411 BC | Athens

Cleaning House

One woman’s attempt to end the Peloponnesian War.

Magistrate: What in Zeus’ name do you mean by shutting and barring the gates of our own Acropolis against us?

Lysistrata: We want to keep the money safe and stop you from waging war.

Magistrate: The war has nothing to do with money—

Lysistrata: Hasn’t it? Why are Peisander and the other office seekers always stirring things up? Isn’t it so they can take a few more dips in the public purse? Well, as far as we’re concerned, they can do what they like; only they’re not going to lay their hands on the money in there.

Magistrate: Why, what are you going to do?

Lysistrata: Do? Why, we’ll be in charge of it.

Magistrate: You in charge of our finances?

Lysistrata: Well, what’s so strange about that? We’ve been in charge of all your housekeeping finances for years.

Magistrate: But that’s not the same thing.

Lysistrata: Why not?

Magistrate: Because the money here is needed for the war!

Lysistrata: Ah, but the war itself isn’t necessary.

Magistrate: Not necessary! How is the city going to be saved then?

Lysistrata: We’ll save it for you.

Magistrate: You!!!

Lysistrata: Us.

Magistrate: This is intolerable!

Lysistrata: It may be, but it’s what’s going to happen.

Magistrate: But Demeter!—I mean, it’s against nature!

Lysistrata: [very sweetly] We’ve got to save you, after all, sir.

Magistrate: Even against my will?

Lysistrata: That only makes it all the more essential.

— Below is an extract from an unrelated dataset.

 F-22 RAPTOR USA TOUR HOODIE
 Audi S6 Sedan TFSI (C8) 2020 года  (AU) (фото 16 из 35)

Magistrate: Anyway, what business are war and peace of yours?

Lysistrata: I’ll tell you.

Magistrate: [restraining himself with difficulty] You’d better or else.

Lysistrata: I will if you’ll listen and keep those hands of yours under control.

Magistrate: I can’t—I’m too livid.

Stratyllis: [interrupting] It’ll be you that regrets it.

Magistrate: I hope it’s you, you superannuated crow! [to Lysistrata] Say what you have to say.

Lysistrata: In the last war we were too modest to object to anything you men did—and in any case you wouldn’t let us say a word. But don’t think we approved! We knew everything that was going on. Many times we’d hear at home about some major blunder of yours, and then when you came home we’d be burning inside, but we’d have to put on a smile and ask what it was you’d decided to inscribe on the pillar underneath the peace treaty. And what did my husband always say?—“Shut up and mind your own business!” And I did.

Stratyllis: I wouldn’t have done!

Magistrate: [ignoring her—to Lysistrata] He’d have given you one if you hadn’t!

Lysistrata: Exactly—so I kept quiet. But sure enough, next thing we knew, you’d take an even sillier decision. And if I so much as said, “Darling, why are you carrying on with this silly policy?” he would glare at me and say, “Back to your weaving, woman, or you’ll have a headache for a month. Go and attend to your work; let war be the care of the menfolk.”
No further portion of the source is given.